> _EXERCISE INSTRUCTIONS_: Reproduce each line below precisely. Drop the pictures.

> _RECORDED DATA_:

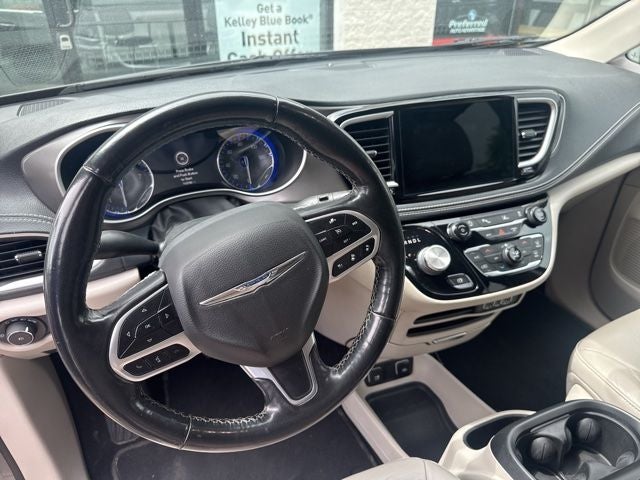 2021 Chrysler Pacifica Touring L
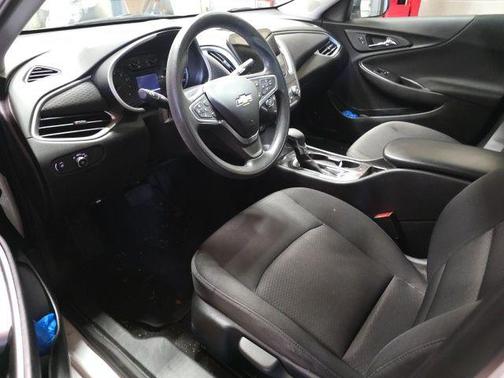 Summit White 2022 Chevrolet Malibu 1LS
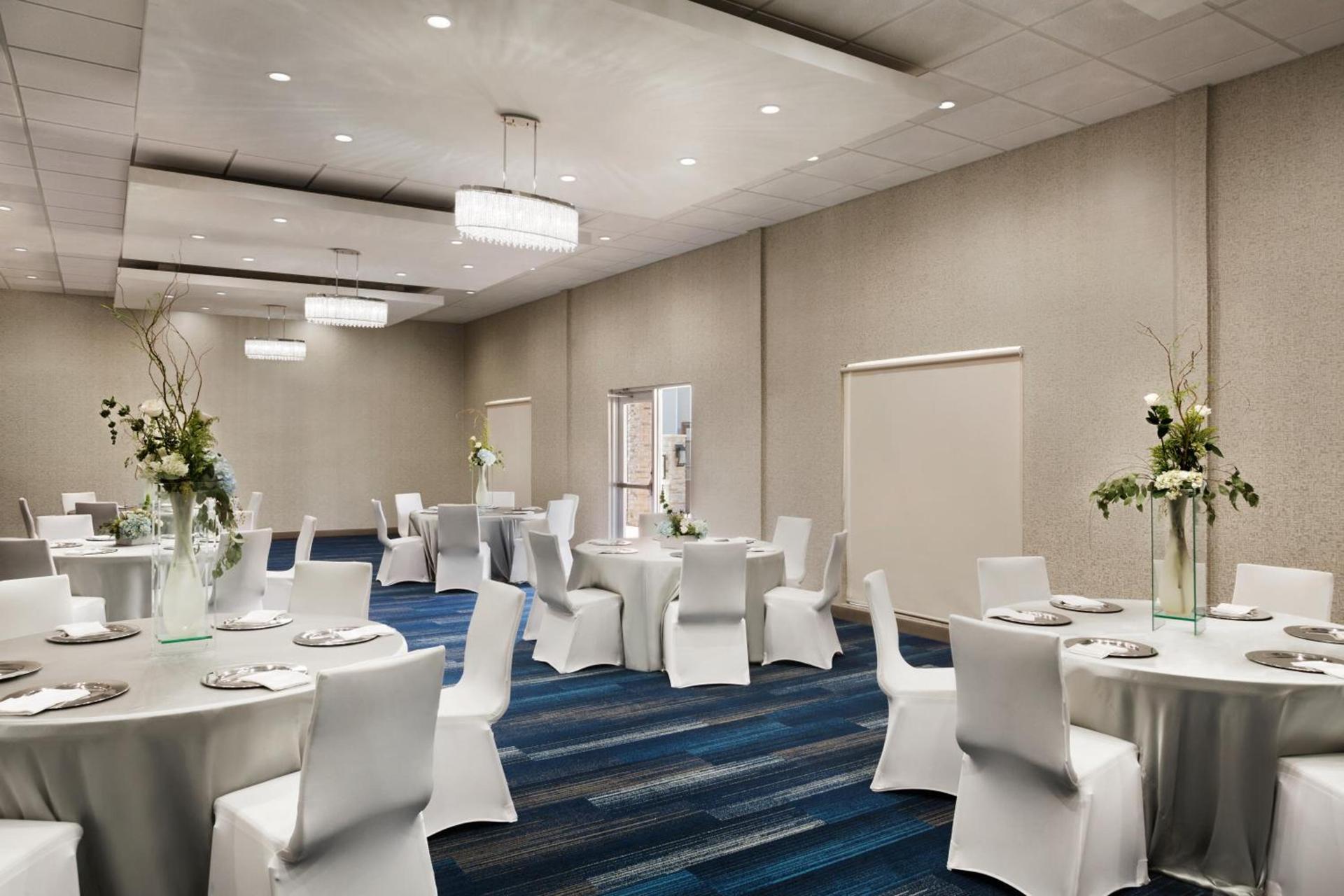 Holiday Inn Express & Suites - McAllen - Medical Center Area by IHG photo 18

> _RESPONSE TO THE EXERCISE_:
 2021 Chrysler Pacifica Touring L
 Summit White 2022 Chevrolet Malibu 1LS
 Holiday Inn Express & Suites - McAllen - Medical Center Area by IHG photo 18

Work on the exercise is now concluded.